The activation energy may reflect the mechanism of conductance. The activation energy is evaluated from the slope of log σ − 1/T plot using the Arrhenius equation as following:

(10)

σ = σ^{θ} \exp (- E_{a} / RT)

where σ is the electrical conductivity, σ^θ is a constant and E_a is the activation energy of the charge carriers. This value was evaluated by using the least-squares method and is summarized along with the values of other cross-linked metal–alginate complexes in Table 2. The lower activation energy ⩽1.0 eV corresponds to the electronic structure, whereas the higher values refer to the ionic conduction mechanism.

Table 2 The activation energies in eV for some cross-linked metal–alginate complexes.

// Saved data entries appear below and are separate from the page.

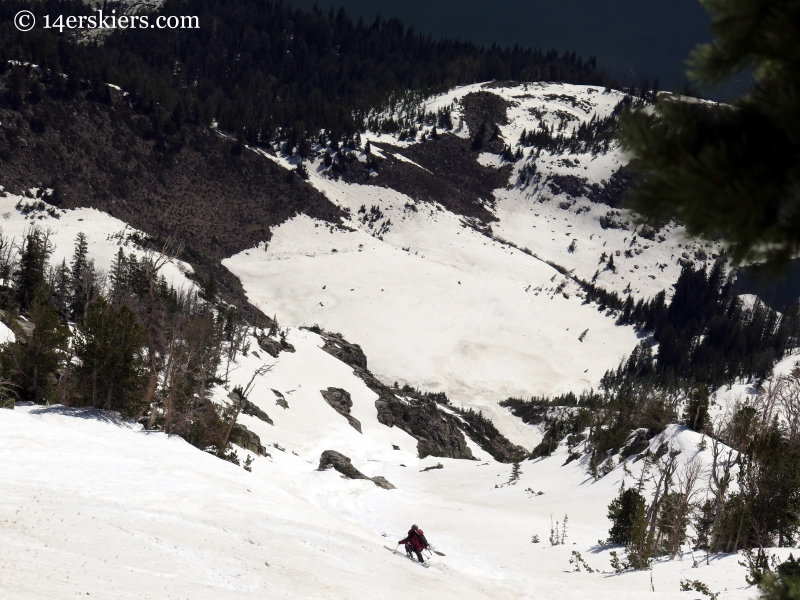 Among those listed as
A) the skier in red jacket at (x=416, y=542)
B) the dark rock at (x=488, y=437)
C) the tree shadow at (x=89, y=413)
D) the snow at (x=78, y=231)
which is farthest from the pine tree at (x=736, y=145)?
the snow at (x=78, y=231)

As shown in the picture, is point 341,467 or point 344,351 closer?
point 341,467

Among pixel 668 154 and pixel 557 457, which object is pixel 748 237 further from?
pixel 557 457

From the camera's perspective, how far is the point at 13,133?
13188 cm

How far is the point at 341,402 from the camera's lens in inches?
2953

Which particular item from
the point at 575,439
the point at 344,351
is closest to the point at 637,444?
the point at 575,439

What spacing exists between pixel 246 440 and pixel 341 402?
96.9ft

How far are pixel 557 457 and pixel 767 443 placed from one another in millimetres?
28615

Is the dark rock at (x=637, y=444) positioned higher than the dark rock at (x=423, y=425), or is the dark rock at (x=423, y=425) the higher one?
the dark rock at (x=637, y=444)

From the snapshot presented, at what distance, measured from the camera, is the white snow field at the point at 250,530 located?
12883 millimetres

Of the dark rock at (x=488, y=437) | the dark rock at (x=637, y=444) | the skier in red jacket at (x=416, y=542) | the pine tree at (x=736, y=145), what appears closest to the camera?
the pine tree at (x=736, y=145)

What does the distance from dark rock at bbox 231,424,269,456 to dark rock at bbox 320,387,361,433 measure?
24.0 m

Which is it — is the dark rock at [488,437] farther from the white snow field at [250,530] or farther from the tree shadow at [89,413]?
the tree shadow at [89,413]

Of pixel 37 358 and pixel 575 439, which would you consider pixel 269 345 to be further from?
pixel 37 358

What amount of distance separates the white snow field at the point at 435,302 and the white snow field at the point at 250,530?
69.0 metres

Metal–alginate complexes	E_a (initial stage)	E_a (final stage)	Reference
U^VI–alginate	0.37	–	Hassan et al. (1993)
Th^IV–alginate	0.86	1.20	This work
Cr^III–alginate	0.16	2.74	Zaafarany et al. (in press)
Fe^III–alginate	0.22	1.41	Zaafarany et al. (in press)
Ca^III–alginate	–	2.12	Khairou and Hassan (2002)
Cu^II–alginate	–	5.21	Khairou and Hassan (2002)
Cd^II–alginate	–	1.75	Khairou and Hassan (2002)
Pb^II–alginate	–	0.18	Khairou and Hassan (2002)
Ag^I–alginate	0.21	3.15	Hassan (1991)

The magnitude of the equilibrium constant for exchange obtained, may indicate the high stability of the thorium(IV)–alginate complex. The negative value of ΔH^o indicates that the exchange process is an exothermic process. Whereas, the negative value of ΔG^o reflects the spontaneity of a such exchange process (Hassan, 1992).